さて、そんな中、貴重な上場株投資のリストラクチャリングの機会に恵まれました。詳しくは書けませんが、既存の上場株投資の投資ストラクチャーを、投資実行時から変化する為替市場や金利などを背景に、間に入っていた投資会社を解散したり、為替を持ち替えたり、と言ったことを行いました。

時は、Brexit(ブレクジット)や米大統領選(トランプ大統領当選)と言った歴史的にも稀に見るタイミングで、マーケットは乱高下。朝から晩まで為替相場と株式市場に張り付きながら、上司や財務部とタイミングを見計らい業務を遂行していました。何日間も緊張が解けることはなく、三井物産の10年間でのハイライト、とも言える日々でした。

この時の上司から学んだことは、今後も活かしていける事ばかりで、本当に感謝しています。

三井物産の仕事⑥新規ビジネス開発

その後、「リサイクル」という切り口で新規ビジネス開発を行います。全国のリサイクル関連の会社様を訪問したり、三井グループ内の企業と連携した取り組みにも参加しました。

結果として、リサイクル、というのは聞こえはいいものの、ビジネスとして成り立たせるにはハードルが高く、会社の成長に資する結果は出すことができませんでした。
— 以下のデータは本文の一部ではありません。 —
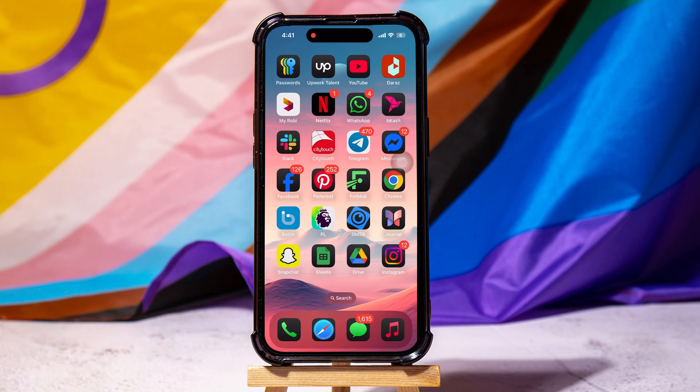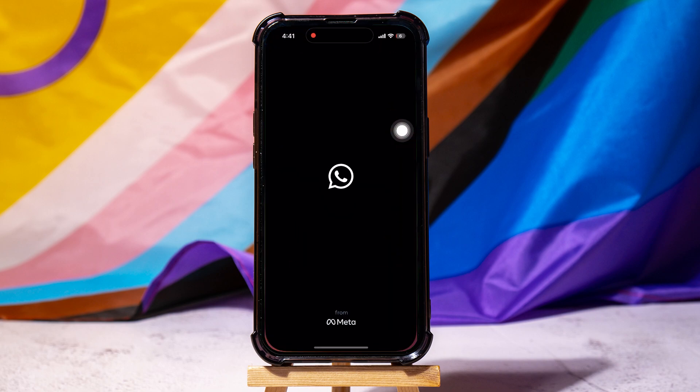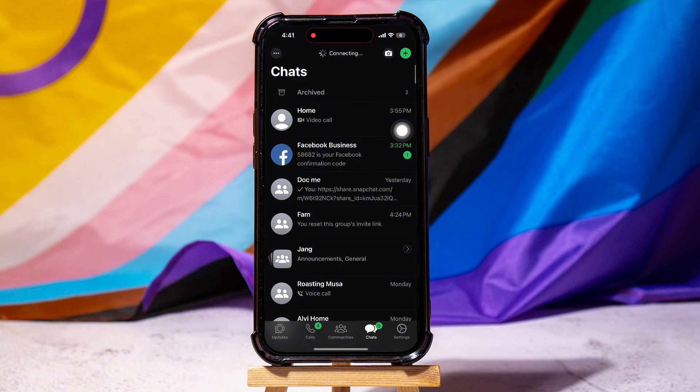How to take a long screenshot on WhatsApp. To get started, first of all, you need to open up the WhatsApp application on your phone. You will then be brought to the chats page, where you can view all your chats with friends on WhatsApp.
ただし、経済産業省に環境省、青森から九州までの地方自治体の方々、地方のリサイクル関係の中小企業と一緒に仕事をする貴重な機会に恵まれました。

三井物産の仕事⑦海外駐在とアフリカ事業開発

入社8年目が終わるころ、ようやく海外駐在の話がきます。海外駐在は、総合商社に入る人間であれば基本的に皆が希望する異動です。
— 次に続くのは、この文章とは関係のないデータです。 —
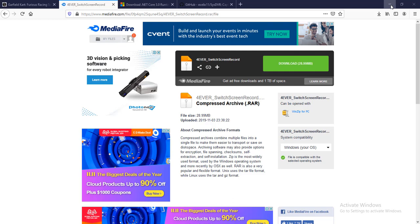What's up everyone, Super Games Forever here. Welcome back to my YouTube channel. In this video, I'd like to show you how to record your Nintendo Switch gameplay through your PC. This tutorial will help those of you who can't afford to buy a game capture card, showing you the way to record gameplay through your PC.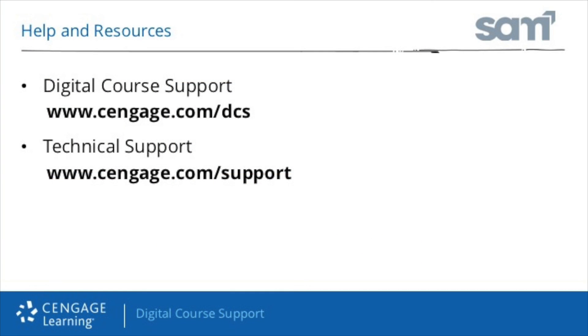Thank you for taking the time to review this video. Additional support information can be found at the Student Support page.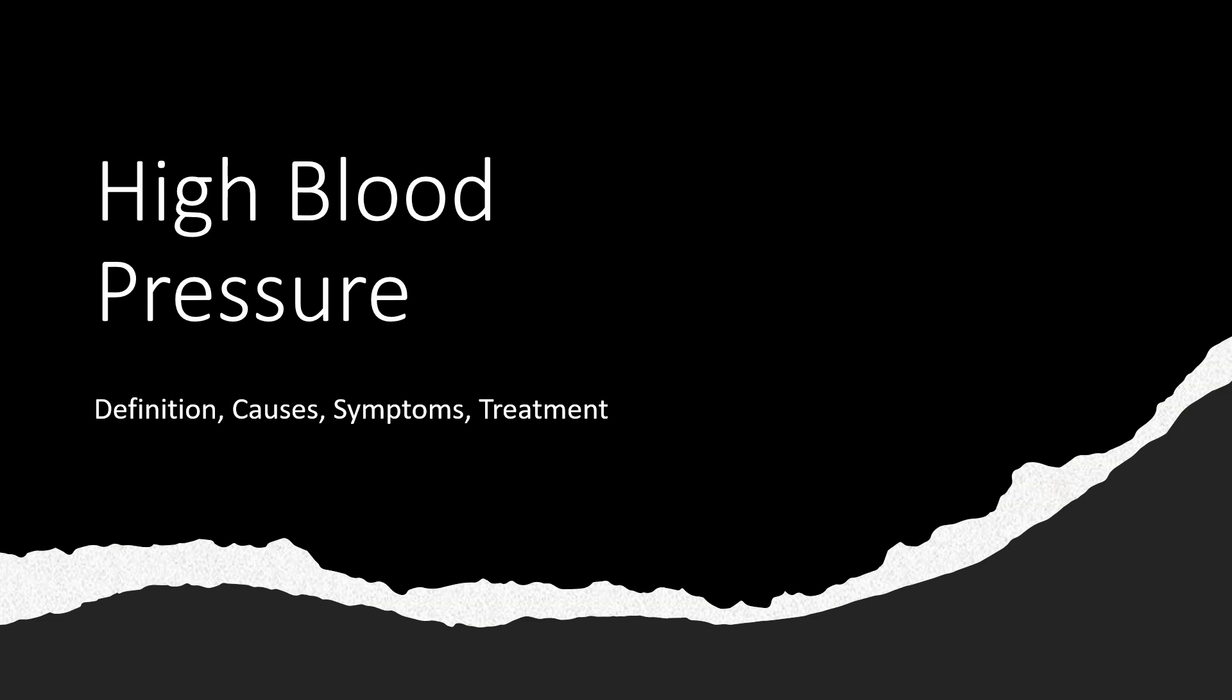Welcome back. My name is Lucy. I'm a pharmacist and a nurse. In this video, we will be going over a brief overview of high blood pressure, its causes, symptoms, and treatment options.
赴任先は南アフリカ、ミッションは三井物産のアフリカ事業開発、です。

まさに、入社時の思いを会社が実現してくれたことになります。

三井物産として、経済成長や中間所得層の増大が見込まれるアフリカに対して、大きな投資をした直後ということもあり、大変刺激的な日々でした。
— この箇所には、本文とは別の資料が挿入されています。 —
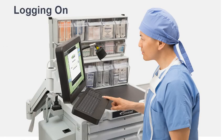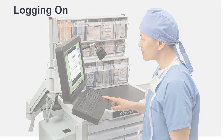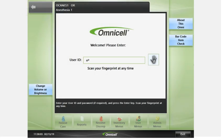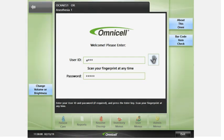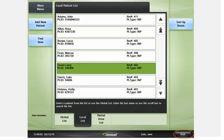Log on to the anesthesia workstation by using your fingerprint or by entering your username and password. Press Exit to log off the cabinet when you are done. This ensures that no transactions can be completed by another user with your ID.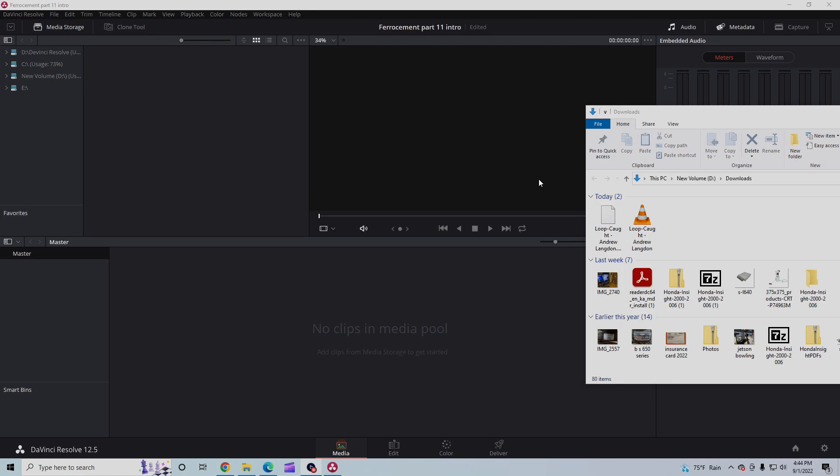All right, we're here in DaVinci Resolve from Blackmagic, and I cannot get this audio clip to work in it at all, any way, shape, form, or fashion.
日々僕が対峙してきた人たちは、「皆が難しい」、というアフリカで、足腰強く事業を20年、30年とかけて大きくしてきた人たち。彼らと日々向き合う中で、自分も挑戦したい、との思いに強くかられるようになりました。起業というチャレンジは、会社員では絶対にすることができません。

そんな中、駐在ミッションを全うせず、関係者には迷惑をかける形となりましたが、自分の思いに従い、退職する決意をしました。快く送り出してくれた人たちには大変感謝しております。

最後に

上記の通り、レアメタルのトレーディングに始まり、海外研修、資源投資・事業撤退、上場株投資、中国での合弁事業設立、新規リサイクル案件組成に、駐在及びアフリカ事業開発、と様々な業務に携わりました。

出張した国も、アメリカ、中国、韓国、シンガポール、香港、インド、スウェーデンに英国、南アフリカ、ジンバブエ、ボツワナ、モザンビーク、マラウィ、ザンビア、ナミビアと国内外沢山出張し、様々なバックグランドの人たちと仕事をしてきました。

キャリアの最初の10年間を三井物産で過ごせたことを心から誇りに思っています。

もし、就職活動期に戻るとしたら、或いは、就職活動中の自分にアドバイスできるとしたら、間違いなく三井物産への入社を強く希望し、勧めるでしょう。